Sinha appreciated the work by his sleuths stating that they just had the slightest of leads and were able to crack the case. Later, Sinha declared that there was no evidence linking the minister to the scam, which was protested against by the BJP. Sinha ordered a fresh review of all high-level appointments and high-value contracts during the tenures of railway ministers from Mamata Banerjee to Pawan Kumar Bansal.

The railway police association accused Sinha of having a grudge against all railway officials who had complained against him to the Central Vigilance Commission regarding his corrupt ways when he was the director general of the Railway Protection Force. This was however, refuted by the CBI.

Talking about the charges by the railway police association, he has defended himself by stating:

I had taken on vested interest in the RPF. They came up with a booklet leveling all sorts of allegations against me but the union home ministry didn’t find anything against me. I raised objections on retired officials serving in the association. One of my subordinates also became part of the problem and circulated lots of rubbish about me.

===Political links===
He was seen to be close to Lalu Prasad Yadav, the Rashtriya Janata Dal supremo, who kept the post of the director general of the Railway Protection Force unfilled for three months till Sinha was appointed to the post. He also accepted that he was friends with Yadav, stating that Lalu was his boss both in the state of Bihar and the Indian Railways and hence, they have good interpersonal relations. He defended himself stating:

I had asked the CBI headquarter to post me outside of Patna. Being a Bihar cadre officer I didn’t want to get associated with fodder scam probe. But nobody listened to me. It was very confusing time.
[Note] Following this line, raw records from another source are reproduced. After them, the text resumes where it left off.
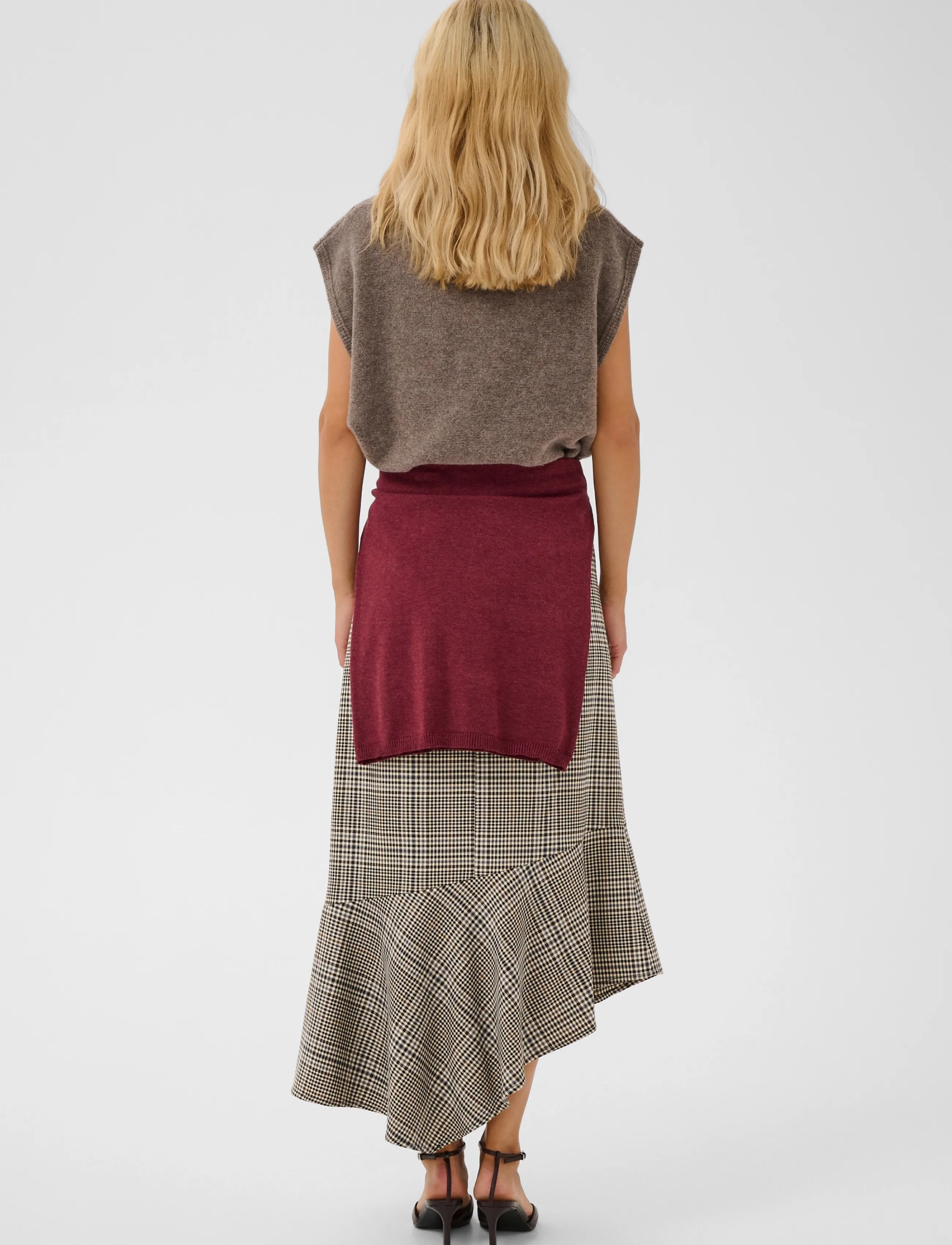 Culture - CUbirsen Long Skirt - black check - 4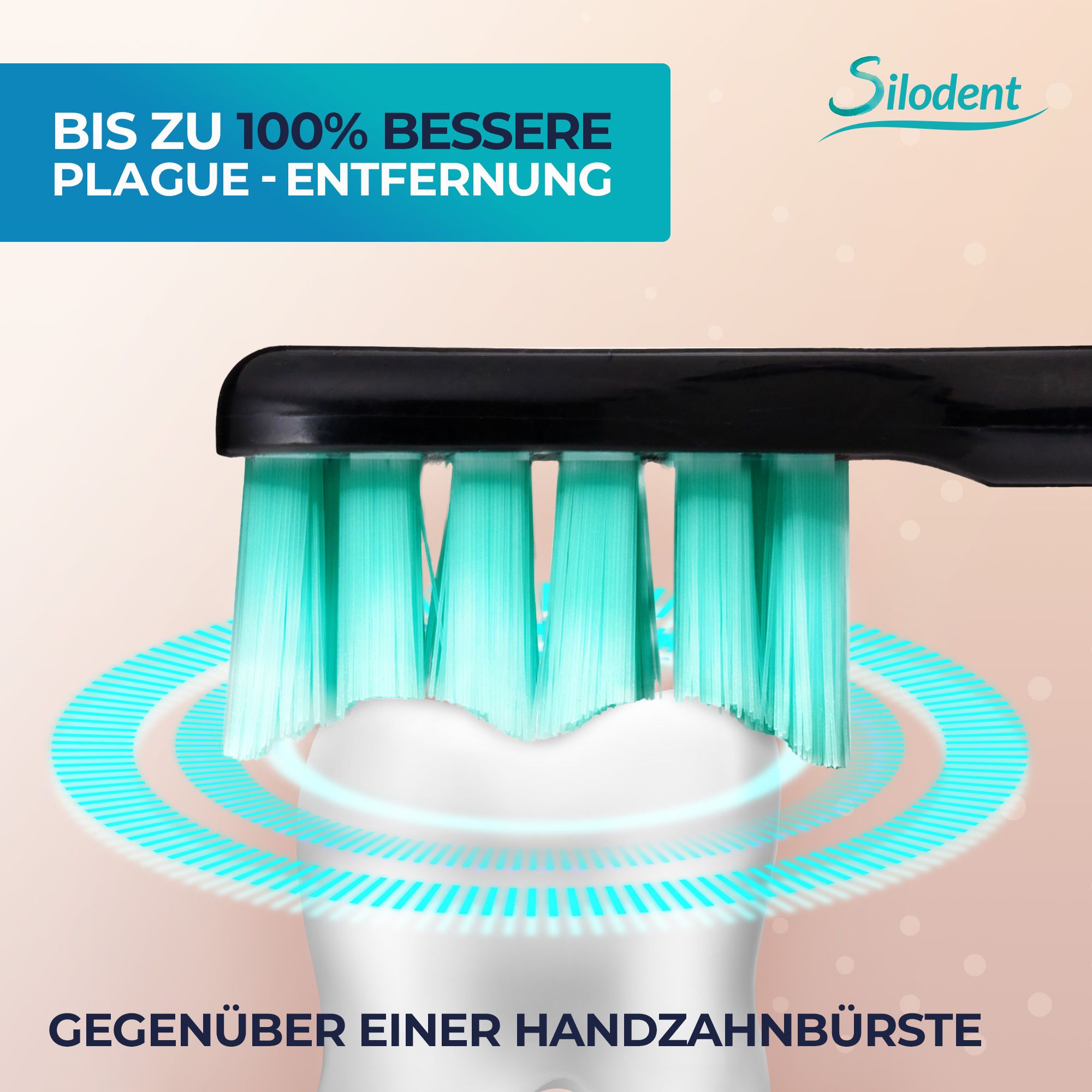 Silodent Schallzahnbürste Midnight Blue. Zahnbürstenköpfe mit antiseptischen Borsten
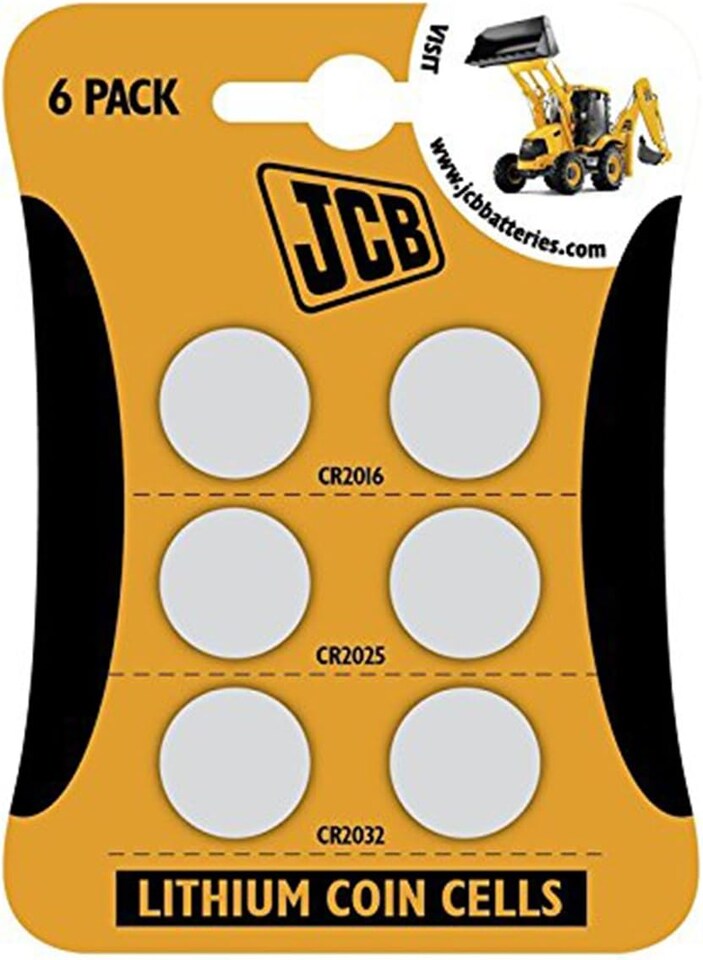 JCB Mixed Lithium Coin Cell Battery Pack (CR2016, CR2025, CR2032) (Product Code: 2XCR2016/25/32)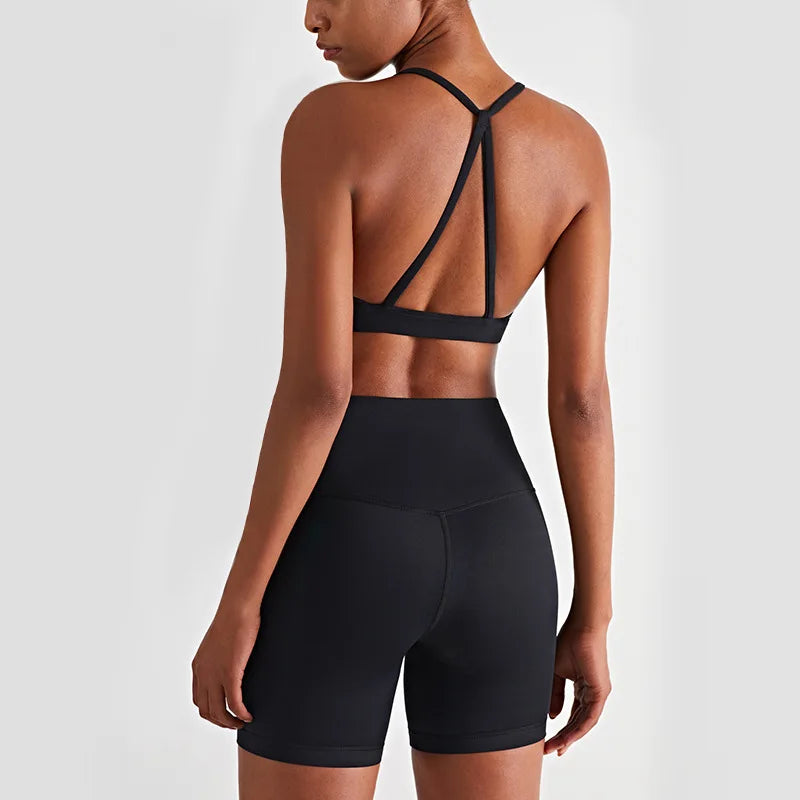 2024 New Yoga Shorts Sets Shockproof Vest High Waist Shorts Breathable Women's Tight Fitting Sports Yoga Sexy Crop Top Gym Set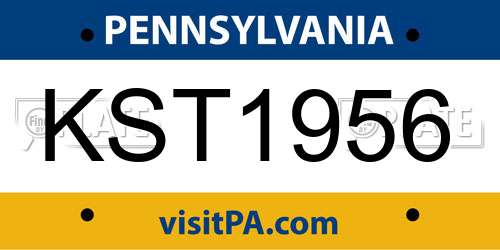 KST1956 Pennsylvania License Plate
The centre was weak and Lalu was a powerful regional satrap. Bihar was totally divided on the caste lines. I was made a villain by my powerful enemies in the state despite the monitoring bench of the Patna high court not even once making an adverse remark against me. I still believe things went little overboard during the investigation in the fodder scam due to some seniors who assiduously cultivated larger than life image.

== Personal life and death==
Sinha was married to Reena, daughter of IPS officer, Gajendra Narain. He had one daughter and one son; his daughter is married to Awanish Sharan, an Indian Administrative Service (IAS) officer, Chhattisgarh cadre, and his son is in Delhi after pursuing law in the Netherlands.

Sinha died on 16 April 2021 in Delhi, at the age of 68. He had previously been diagnosed with COVID-19.